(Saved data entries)
┌──
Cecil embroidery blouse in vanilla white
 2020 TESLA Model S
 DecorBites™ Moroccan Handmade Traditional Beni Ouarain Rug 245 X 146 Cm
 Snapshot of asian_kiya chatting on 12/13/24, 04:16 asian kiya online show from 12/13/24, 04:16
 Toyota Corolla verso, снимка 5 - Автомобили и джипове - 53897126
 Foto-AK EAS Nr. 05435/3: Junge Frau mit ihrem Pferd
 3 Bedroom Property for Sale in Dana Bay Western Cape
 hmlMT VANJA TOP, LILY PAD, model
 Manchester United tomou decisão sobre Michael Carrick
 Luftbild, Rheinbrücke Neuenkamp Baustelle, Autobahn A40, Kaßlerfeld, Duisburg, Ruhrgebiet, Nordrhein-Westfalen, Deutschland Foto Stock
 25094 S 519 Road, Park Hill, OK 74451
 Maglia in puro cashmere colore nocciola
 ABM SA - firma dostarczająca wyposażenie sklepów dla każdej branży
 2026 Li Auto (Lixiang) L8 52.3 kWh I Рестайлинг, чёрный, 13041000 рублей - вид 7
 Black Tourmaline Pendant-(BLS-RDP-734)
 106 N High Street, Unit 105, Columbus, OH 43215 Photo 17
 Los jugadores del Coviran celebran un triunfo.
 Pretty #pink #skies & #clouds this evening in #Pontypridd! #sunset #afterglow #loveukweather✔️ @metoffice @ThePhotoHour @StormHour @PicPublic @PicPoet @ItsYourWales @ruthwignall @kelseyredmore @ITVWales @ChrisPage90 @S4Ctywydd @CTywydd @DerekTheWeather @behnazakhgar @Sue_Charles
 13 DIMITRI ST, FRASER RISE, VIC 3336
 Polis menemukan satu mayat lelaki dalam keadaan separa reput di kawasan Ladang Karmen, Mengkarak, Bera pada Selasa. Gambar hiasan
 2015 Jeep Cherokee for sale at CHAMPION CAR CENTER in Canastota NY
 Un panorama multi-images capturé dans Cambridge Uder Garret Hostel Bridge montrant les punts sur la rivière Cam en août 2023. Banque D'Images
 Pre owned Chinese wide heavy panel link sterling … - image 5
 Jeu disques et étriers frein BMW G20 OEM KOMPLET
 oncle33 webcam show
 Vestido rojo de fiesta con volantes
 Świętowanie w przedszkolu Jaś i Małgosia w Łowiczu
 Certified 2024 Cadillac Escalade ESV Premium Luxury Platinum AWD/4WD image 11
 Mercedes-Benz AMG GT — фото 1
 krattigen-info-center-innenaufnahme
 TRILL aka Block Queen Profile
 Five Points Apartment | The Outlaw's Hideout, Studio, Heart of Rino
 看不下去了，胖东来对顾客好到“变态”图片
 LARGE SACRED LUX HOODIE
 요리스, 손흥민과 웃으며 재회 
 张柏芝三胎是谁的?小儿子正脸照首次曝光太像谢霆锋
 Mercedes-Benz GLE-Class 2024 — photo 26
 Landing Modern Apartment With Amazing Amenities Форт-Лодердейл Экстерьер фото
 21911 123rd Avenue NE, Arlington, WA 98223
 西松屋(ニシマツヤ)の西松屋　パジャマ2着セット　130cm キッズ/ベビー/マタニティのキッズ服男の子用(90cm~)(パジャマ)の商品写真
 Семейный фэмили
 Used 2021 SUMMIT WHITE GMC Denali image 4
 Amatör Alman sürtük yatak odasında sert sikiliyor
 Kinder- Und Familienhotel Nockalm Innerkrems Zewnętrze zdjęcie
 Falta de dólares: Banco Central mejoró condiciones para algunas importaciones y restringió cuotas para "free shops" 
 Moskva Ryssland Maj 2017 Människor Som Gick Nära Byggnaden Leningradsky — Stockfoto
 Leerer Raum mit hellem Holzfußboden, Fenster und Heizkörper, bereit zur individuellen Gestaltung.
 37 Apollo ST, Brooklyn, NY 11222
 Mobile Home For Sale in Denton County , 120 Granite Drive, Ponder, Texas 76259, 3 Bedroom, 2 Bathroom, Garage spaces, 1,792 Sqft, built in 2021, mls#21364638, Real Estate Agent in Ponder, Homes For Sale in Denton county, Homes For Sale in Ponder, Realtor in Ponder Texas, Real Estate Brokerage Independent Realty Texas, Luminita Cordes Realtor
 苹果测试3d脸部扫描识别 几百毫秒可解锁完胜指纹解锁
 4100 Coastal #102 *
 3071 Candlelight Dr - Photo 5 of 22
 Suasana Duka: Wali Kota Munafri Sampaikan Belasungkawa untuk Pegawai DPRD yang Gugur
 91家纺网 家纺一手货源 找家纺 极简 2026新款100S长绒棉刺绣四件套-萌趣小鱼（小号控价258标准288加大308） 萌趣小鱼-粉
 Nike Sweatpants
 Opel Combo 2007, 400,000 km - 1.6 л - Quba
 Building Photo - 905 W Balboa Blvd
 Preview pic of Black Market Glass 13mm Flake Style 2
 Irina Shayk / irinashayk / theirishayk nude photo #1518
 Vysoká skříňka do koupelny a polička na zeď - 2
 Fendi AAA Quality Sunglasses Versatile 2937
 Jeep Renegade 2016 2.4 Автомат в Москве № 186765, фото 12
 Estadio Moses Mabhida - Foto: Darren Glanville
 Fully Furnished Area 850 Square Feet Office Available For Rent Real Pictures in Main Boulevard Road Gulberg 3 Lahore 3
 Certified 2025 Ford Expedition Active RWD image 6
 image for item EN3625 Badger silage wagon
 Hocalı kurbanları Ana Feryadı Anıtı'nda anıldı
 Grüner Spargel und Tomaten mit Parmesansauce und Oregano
└──
• Task prompt
Print the records above verbatim from their first line to the line containing "Foto-AK EAS Nr.", both included, and stop there.

• Task solution
Cecil embroidery blouse in vanilla white
 2020 TESLA Model S
 DecorBites™ Moroccan Handmade Traditional Beni Ouarain Rug 245 X 146 Cm
 Snapshot of asian_kiya chatting on 12/13/24, 04:16 asian kiya online show from 12/13/24, 04:16
 Toyota Corolla verso, снимка 5 - Автомобили и джипове - 53897126
 Foto-AK EAS Nr. 05435/3: Junge Frau mit ihrem Pferd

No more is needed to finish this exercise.